Not just a Casteist with respect to Hindu Society; Gandhi, as a votary of 'social organicism', wanted to spread untouchability all over the earth. He refused to 'support Ambedkar's fight against untouchability'. Nehru was even less interested in the issue. Thus, according to Jaffrelot, the INC isn't just Casteist, it actively promotes untouchability even where that institution does not exist. Thus Iqbal was right to demand Pakistan. Indeed, every State or Union Territory of India should immediately secede if this Casteist party which promotes untouchability ever comes to office again at the Centre.

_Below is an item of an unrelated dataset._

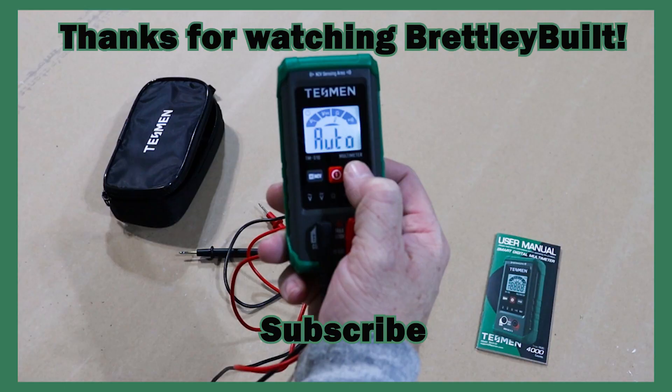I greatly appreciate everyone who has supported the channel. Thank you for watching. If you ever see us doing a project and think there's a tool or product that would be great for that application, please let us know — we'd be happy to feature it to help everyone out. Be sure to share this video or others if you think it'll help someone, and we appreciate you watching.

Yet Rajaji was appointed Governor General when Mountbatten left. Who appointed him? Was it Congress or the Mahasabha?
'Sixty years later, in spite of the Constitution, democracy and reservations, the hierarchical view of society finds expression in the defence of caste and reassertion of categories like pure and impure. Yogi Adityanath ordered shuddhikaran (purification) of the CM’s office in Lucknow before entering it and Musahar Dalit families of Kushinagar received soap and shampoo to clean themselves before attending one of his meetings.
'In a report released by Subramanian Swamy in London, the NCHT ascribed this initiative to a “colonial conspiracy”.'
Really? Does Swamy believe England still rules India? Nope. He may have a PhD in Econ from Harvard, but even he isn't that stupid. Swamy says some Christian missionaries supported Colonialism and sought to inflame hatred between Hindu communities so as to gain converts whom they themselves discriminated against. Swamy seeks to tar some elderly Bishop or such like with the same brush. The joke is that it is Pakistani chefs who will be suing their employer under this silly legislation. Hindus, by contrast, are doing well because they are well educated and forward looking.
'This report is in tune with the views of UP Chief Minister Yogi Adityanath who has declared, “Castes play the same role in Hindu society that furrows play in farms, and help in keeping it organised and orderly”.
Really? Is a Rajput politician really preaching Casteism? Are the OBC and SC voters in U.P really so stupid that they voted for a guy who thinks his people are superior to their people? Wow! What an amazing discovery! This Jafflerot dude must be real bright! Let's look at the evidence-
Fast forward to 1.25 on the video.
Yes, the English translation is as Jafflerot says. But listen to the Hindi. The Yogi uses the word maiD- this is not a furrow but a raised portion of earth demarcating a parcel of land owned by a particular individual. He isn't saying 'caste is like a furrow'- that would be meaningless. He clarifies that he means boundary markers and not anything to do with the practice of agriculture. He goes on to say 'jati' (i.e. endogamous groups notionally linked to a particular occupation as imitatio dei) may be okay but discrimination on the basis of jati or its instrumentalisation for a political purpose is wrong.
Economists believe that endogamous groups devise ways of spreading risk and thus have utility. Obviously, once there is a basic Social safety net and a well developed Insurance market, this utility declines and we are more likely to see assortative mating without endogamy.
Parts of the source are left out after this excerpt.